Any bookish person knows the struggle. For any one book you read, whether you love it or hate it, you end up with about five new titles that sound interesting—maybe the author was so great you want to read the rest of their backlist. Maybe all the reviewers who disliked the book recommended other books that are better. Maybe the author is a friend of yours and you feel immense guilt if you don’t support their career. Any way you look at it, there are always more books that sound intriguing. And no matter how many hours you have in a day, you can’t read them all.

I know this for a fact because I once had everyone’s dream job—get paid to do nothing but read as much as possible—and it was neither a dream come true nor substantially TBR-decimating.
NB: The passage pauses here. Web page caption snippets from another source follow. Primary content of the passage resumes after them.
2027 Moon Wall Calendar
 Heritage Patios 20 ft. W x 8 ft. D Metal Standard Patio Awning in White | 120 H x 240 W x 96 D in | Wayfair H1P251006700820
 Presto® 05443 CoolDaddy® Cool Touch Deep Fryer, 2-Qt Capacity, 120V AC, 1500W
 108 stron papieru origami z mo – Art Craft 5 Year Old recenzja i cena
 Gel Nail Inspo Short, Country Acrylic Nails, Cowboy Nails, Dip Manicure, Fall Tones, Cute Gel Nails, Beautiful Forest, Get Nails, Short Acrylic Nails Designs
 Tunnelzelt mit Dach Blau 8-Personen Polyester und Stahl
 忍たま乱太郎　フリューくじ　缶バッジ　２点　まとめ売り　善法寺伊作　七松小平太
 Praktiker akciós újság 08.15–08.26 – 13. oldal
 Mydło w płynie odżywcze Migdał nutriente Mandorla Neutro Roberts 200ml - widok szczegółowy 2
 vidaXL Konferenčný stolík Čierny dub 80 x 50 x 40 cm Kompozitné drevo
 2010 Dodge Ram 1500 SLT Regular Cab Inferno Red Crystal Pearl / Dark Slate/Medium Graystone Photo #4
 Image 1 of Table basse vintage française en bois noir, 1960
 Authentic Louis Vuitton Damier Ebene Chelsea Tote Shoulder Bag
There is something wonderful about scrolling through my insurmountable TBR list, though: seeing the autobiography that emerges as I work through it chronologically. That list is an amazing archaeological record: as I work my way back, I can see where I once read a “Top 100 Books About [X]” list and added a bunch of titles; where I had been studying a topic for school and wanted to dive in deeper; when I was going through a struggle with something and wanted all the resources I could find on the subject; when I read a book that was so meta I wanted to read everything it had referenced; when I traveled abroad and wanted to read this or that country’s greatest writers; when I wanted to learn a new skill. I don’t keep a journal with regularity anymore, but that ever-growing list on Goodreads tells me a whole lot about myself and my development from high school senior (when I joined Goodreads) to almost-a-PhD, more than a decade later.

My physical collection of nearly 1,000 physical books and who-knows-how-many ebooks is probably evenly split between ones I’ve read and ones I’ve yet to read, and even that’s not as revealing as my Goodreads list. That home library is not arranged chronologically or split between read and not-read. Aside from ARCs with publication dates on the spines, which say a little about my work as a book reviewer, award committee juror, conference attendee, and authenticity reader, I can’t point as easily to when, where, or why I acquired those books. Goodreads can tell me when I added to my TBR with just a few clicks. (I have a number of friends who do organize their physical collections by separating read and unread books, so I imagine they can find similar autobiographical information in that spread. As for me, that type of shelving is not compatible with my anxiety disorder.)

While there will always be a twinge of guilt when I look at the ever-growing number of titles and realize I will never be able to do them all the courtesy of reading them, I’m actually really proud of what my to-read list says about me and what I value in life—not just books, but a wide array of subjects, types of people, parts of the world, and perspectives.

I hope someday my biographers agree.